Commit graph

20 commits

Author SHA1 Message Date
rcourtman
ac83074fc2 fix(hostmetrics): skip network mounts before usage probe (#1313) 2026-03-03 20:27:41 +00:00
rcourtman
6c720b7aea fix(freebsd): use golang.org/x/sys/unix.SysctlRaw instead of syscall.SysctlRaw
syscall.SysctlRaw is Darwin-only in Go's standard library; FreeBSD
requires the equivalent from golang.org/x/sys/unix. This fixes the
Docker cross-compilation build failure for the freebsd/amd64 target.

(cherry picked from commit 5fe16c75a075b817f90b7192d8270a7bd6677017)
2026-02-18 13:00:02 +00:00
rcourtman
efa916ee2a fix(memory): correct memory reporting for Linux VMs and FreeBSD ZFS ARC
Linux VM page cache (#1270): QEMU VM memory now falls back to Proxmox
RRD's memavailable metric (which excludes reclaimable page cache) when
the qemu-guest-agent doesn't provide MemInfo.Available. Previously the
fallback was detailedStatus.Mem (total - MemFree), inflating usage to
80%+ on VMs with normal Linux page cache. Mirrors the existing LXC
rrd-memavailable path.

FreeBSD ZFS ARC (#1264, #1051): The host agent now reads
kstat.zfs.misc.arcstats.size via SysctlRaw on FreeBSD and subtracts
the ARC size from reported memory usage. ZFS ARC is reclaimable under
memory pressure (like Linux SReclaimable) but gopsutil counts it as
wired/non-reclaimable, causing false 90%+ memory alerts on TrueNAS
and FreeBSD hosts. Build-tagged so it compiles cleanly on all platforms.

Fixes #1270
Fixes #1264
Fixes #1051

(cherry picked from commit 94502f83ff9ffc6da28aaadc946a2f7d8b4e9bac)
2026-02-18 12:56:53 +00:00
rcourtman
049a3e424c Add memory regression tests for agent and scheduler 2026-02-04 19:33:29 +00:00
rcourtman
f0a356c016 fix: ZFS pool usage now includes zvols and all pool consumers
The previous reconciliation logic (issue #1052) used per-dataset statfs
values for Total and Used. On Proxmox systems, statfs on a mounted
dataset (e.g. rpool/ROOT/pve-1) only reports that dataset's own usage,
completely missing zvols (VM disk images) and other datasets. This caused
storage bars to show ~0% usage (a few GB of OS files) when the pool
actually had terabytes of VM data allocated.

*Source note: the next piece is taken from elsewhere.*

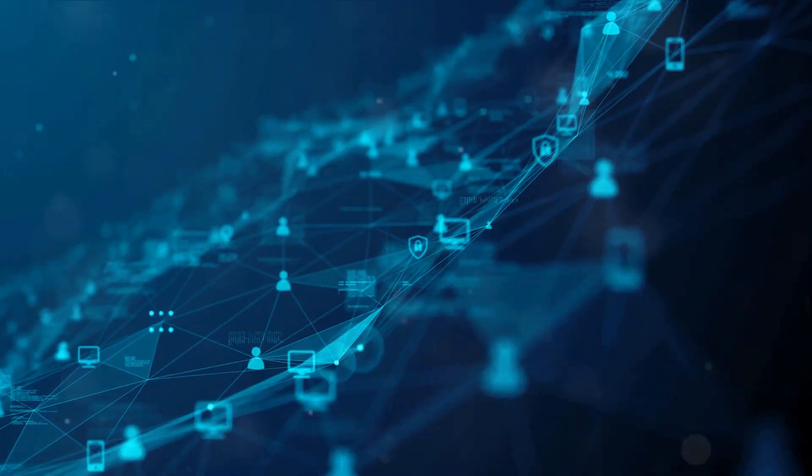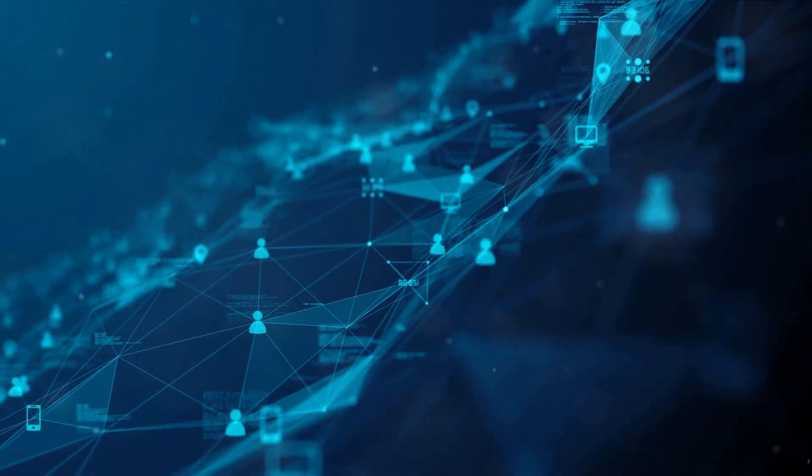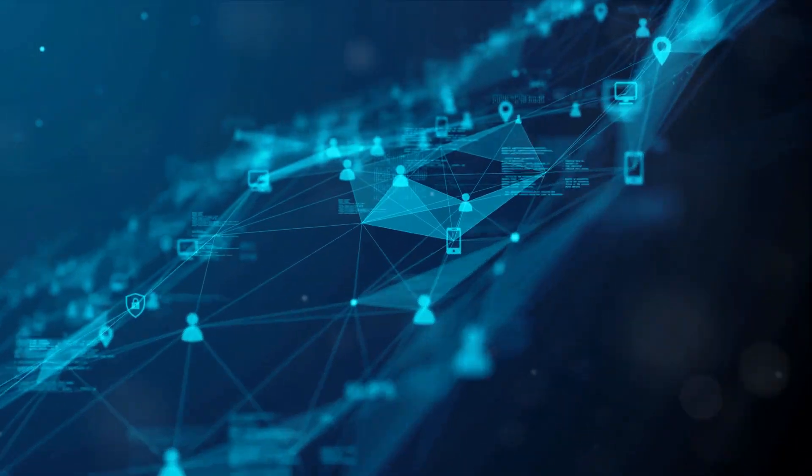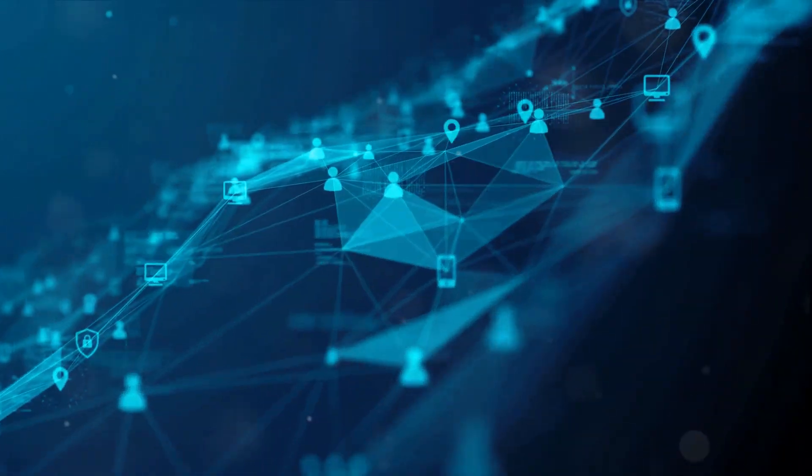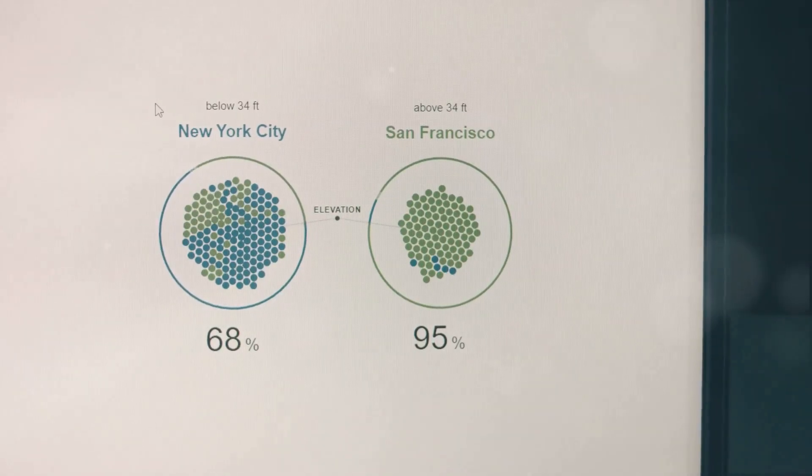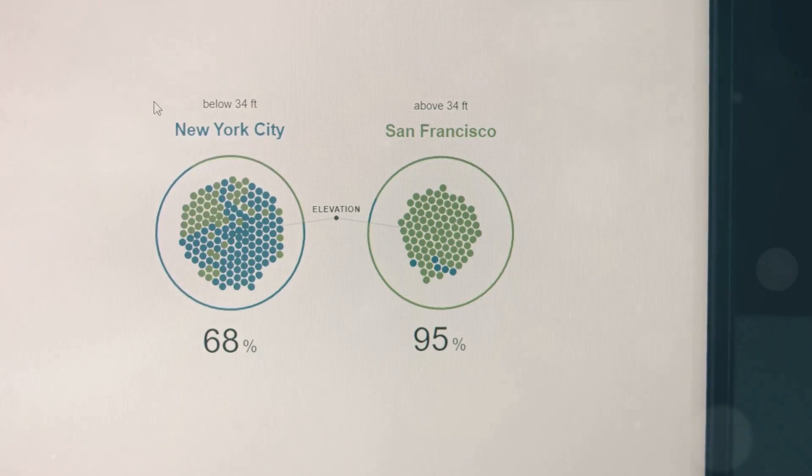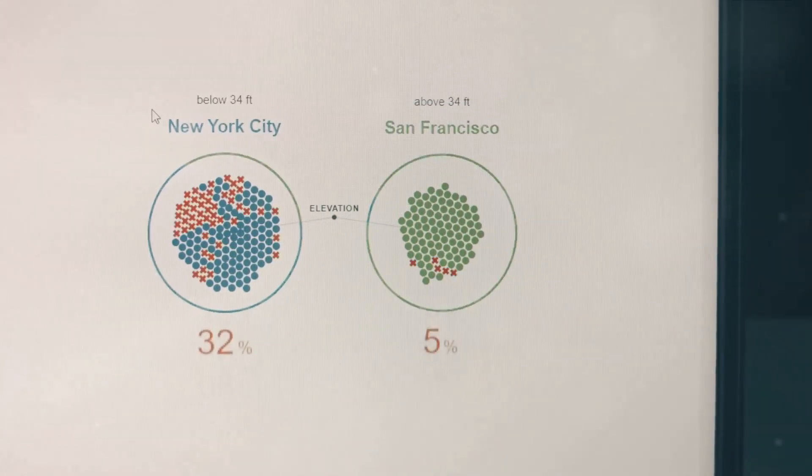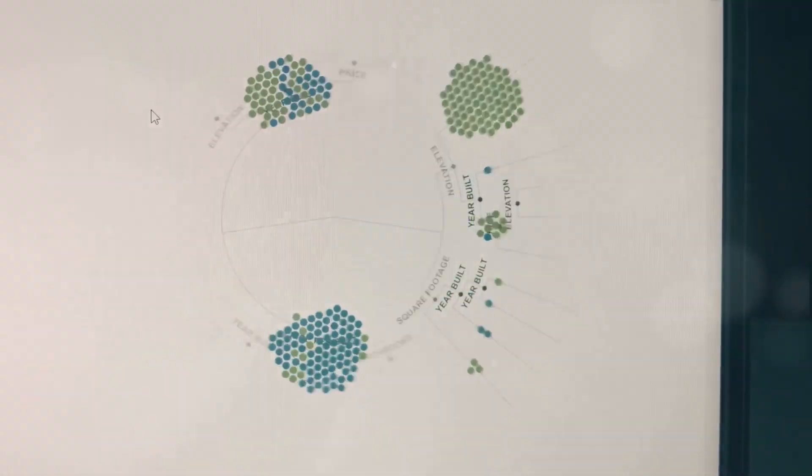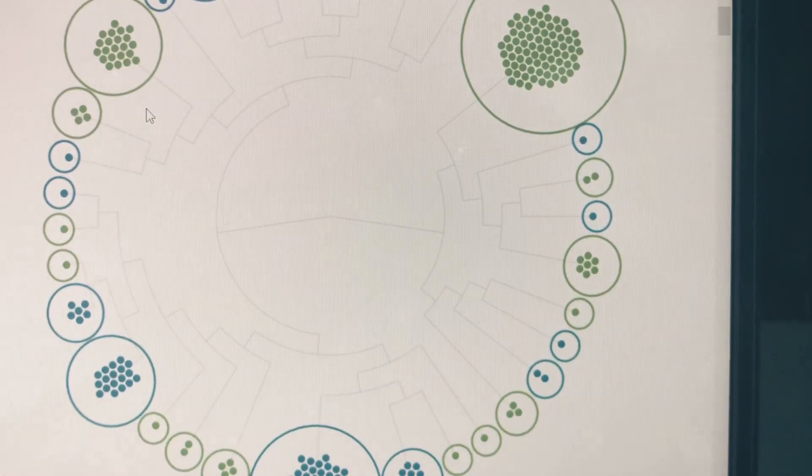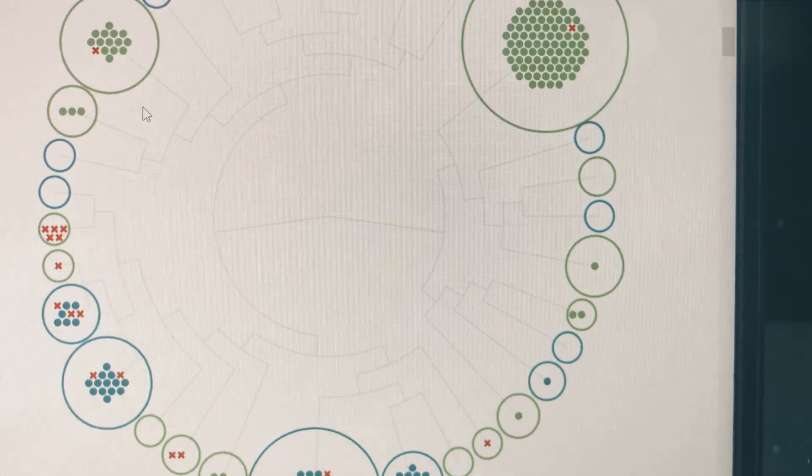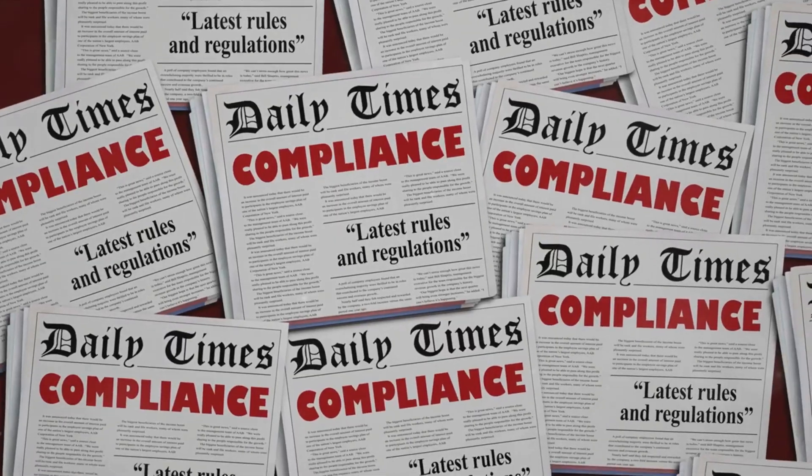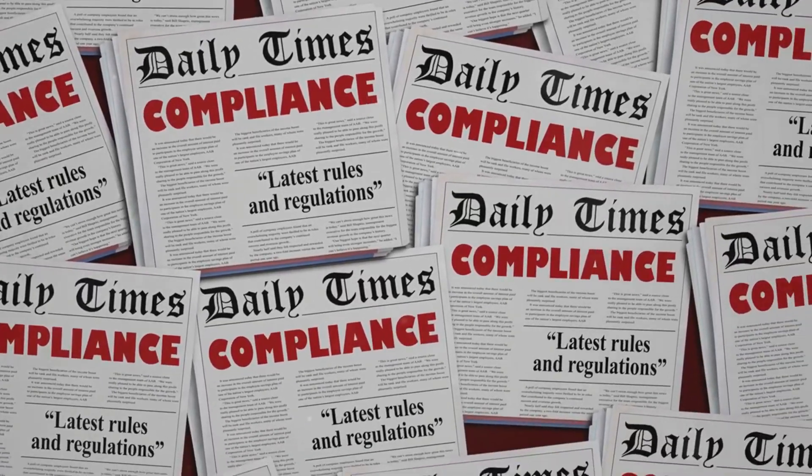However, as we embrace this future, it's crucial to remember some best practices in open-source investigation. First, always distinguish between data and intelligence. While data is raw and unprocessed, intelligence is data that's been analyzed and can inform decision-making.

Fix: derive usable pool capacity from the ratio of dataset Free (usable
pool-available from statfs) to zpool Free (raw pool-available from zpool
list). This ratio converts raw zpool Size to usable total, and Used is
computed as Total - Free. This captures all pool consumers including
zvols, handles RAIDZ parity overhead and mirrors uniformly, and produces
correct usage percentages.

Verified with tests for RAIDZ, mirrors, and both with zvols present.
2026-01-29 12:08:38 +00:00
rcourtman
824d65830c Add debug logging to ZFS disk collection for diagnostics
Adds zerolog debug statements throughout the ZFS collection pipeline
(collector.go and zfs.go) to trace partition discovery, dataset
collection, zpool stats fetching, and pool summarization. This will
help diagnose issues like empty storage bars on mirror-vdev pools.
2026-01-28 17:30:53 +00:00
rcourtman
61bb582d82 fix: disk-exclude now works with device paths and disk I/O
- Add MatchesDiskExclude() to check both device path and mountpoint
- Add MatchesDeviceExclude() for device-only matching
- Update collectDisks to check device in addition to mountpoint
- Update collectDiskIO to respect disk exclusions
- Patterns like /dev/sda, sda, or /mnt/backup all work now

Related to #1142
2026-01-21 19:03:05 +00:00
rcourtman
1816e2dbb8 fix(agent): use dataset used capacity for RAIDZ pools instead of zpool alloc
For RAIDZ pools, zpool ALLOC includes parity overhead, but users expect
to see actual data usage. Now using dataset Used value (from statfs)
when RAIDZ is detected, matching the existing fix for total capacity.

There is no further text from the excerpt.